Step 8. Write a quick outline to develop longer questions
If you have to answer a question that asks for an essay, first come up with a quick outline. You should know what main ideas you will include in it and how you will organize them, so that your writing will be more fluid.
Step 9. Check your answers at the end
If you have time to finish, go back and check what you have answered. If you're taking a math test, check your development to make sure you haven't made silly mistakes. Also, check that you have not forgotten a question, as this is a frequent way to lose points.
Method 6 of 6: Take Care of Yourself
Step 1. Get enough sleep
When you are rested, you will retain more information than when you are tired. So just getting enough sleep every night will retain more information, reducing the time you have to study.
Step 2. Eat the right foods
Your body will be able to function better if you give it the best foods.

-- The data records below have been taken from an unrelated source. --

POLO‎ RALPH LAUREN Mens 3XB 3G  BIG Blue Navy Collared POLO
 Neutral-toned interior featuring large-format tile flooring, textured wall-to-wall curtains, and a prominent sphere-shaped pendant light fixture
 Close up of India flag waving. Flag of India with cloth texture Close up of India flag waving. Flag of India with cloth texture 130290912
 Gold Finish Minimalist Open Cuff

Avoid eating sugary junk food and stick to a diet of good foods that contain protein, fruits and vegetables, and whole grains. Your brain will work better when you feed it better.
Step 3. Drink water
Just like the rest of your body, the brain needs water to function properly. Staying hydrated will keep this organ working in the best possible way, so drink enough water every day.

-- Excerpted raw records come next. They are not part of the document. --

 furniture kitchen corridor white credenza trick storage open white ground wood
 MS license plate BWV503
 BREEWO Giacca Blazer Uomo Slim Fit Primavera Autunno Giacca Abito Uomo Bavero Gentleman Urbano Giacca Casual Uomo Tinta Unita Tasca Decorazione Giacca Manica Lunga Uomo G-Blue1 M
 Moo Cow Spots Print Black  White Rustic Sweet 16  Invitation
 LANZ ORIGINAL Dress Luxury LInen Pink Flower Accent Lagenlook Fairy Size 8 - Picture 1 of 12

- You can count tea, coffee, and juices as part of your water intake. Just remember that the latter are sugary, so don't drink too much. Try adding fruit to the water to flavor it and make it more teasing.
- Although the general rule of thumb is to drink eight glasses of water a day, you may need more. Women generally need about 9 cups and men need about 13.
Step 4. Exercise regularly
Just as exercise energizes your body, it also energizes your mind. This circulates your blood, so more of it will reach your brain, so try to do a little exercise every day. For example, take a short walk or jog during your breaks. In this way, you will return energized and ready to get to work.